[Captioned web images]
________________________________________

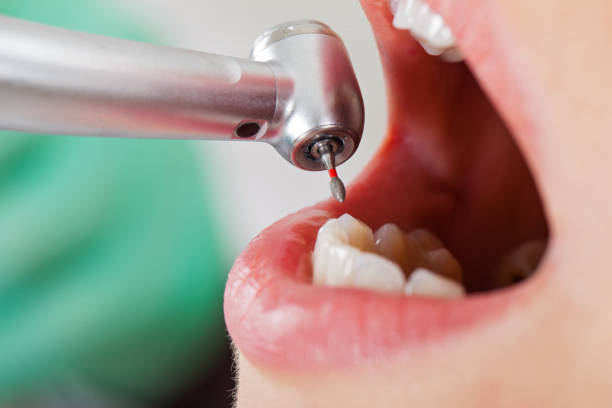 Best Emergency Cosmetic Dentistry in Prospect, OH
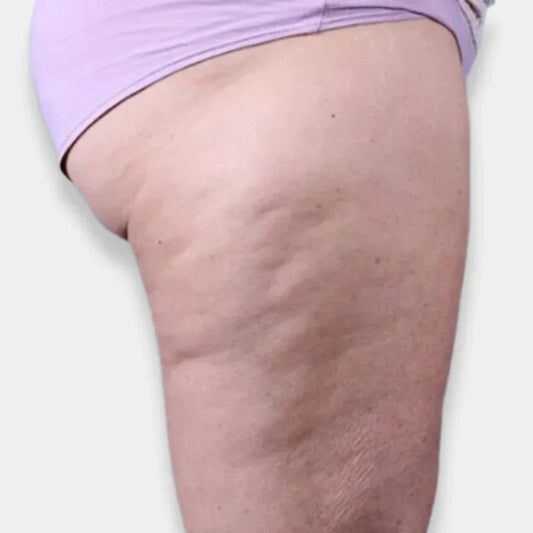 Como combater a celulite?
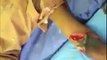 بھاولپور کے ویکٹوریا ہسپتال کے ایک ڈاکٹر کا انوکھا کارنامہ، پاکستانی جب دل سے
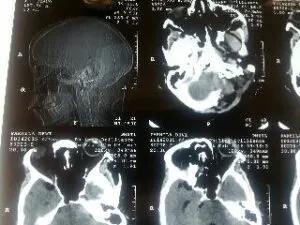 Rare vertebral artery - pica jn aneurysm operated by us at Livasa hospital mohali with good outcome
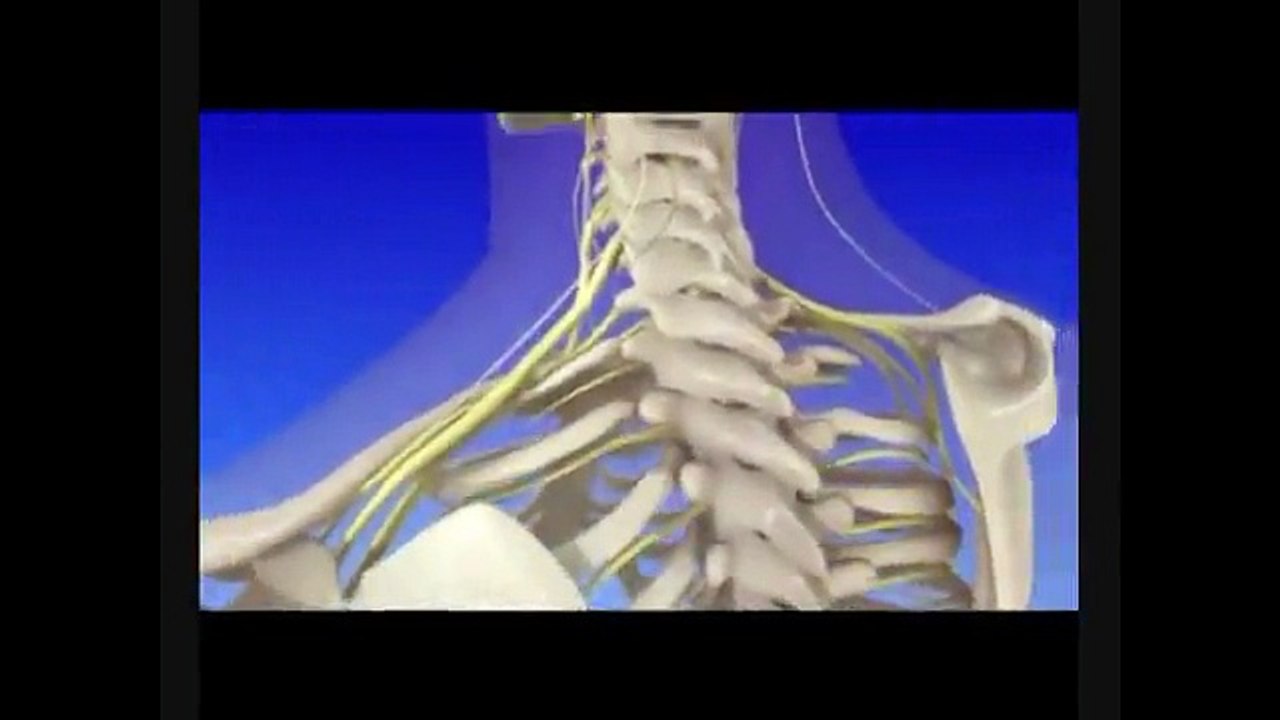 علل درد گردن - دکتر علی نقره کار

________________________________________

> **EXERCISE**: Find the line that contains "بھاولپور کے ویکٹوریا" and repeat it, along with every line after it to the end of the data, exactly; drop the pictures.

> **TASK RESULT**:
 بھاولپور کے ویکٹوریا ہسپتال کے ایک ڈاکٹر کا انوکھا کارنامہ، پاکستانی جب دل سے
 Rare vertebral artery - pica jn aneurysm operated by us at Livasa hospital mohali with good outcome
 علل درد گردن - دکتر علی نقره کار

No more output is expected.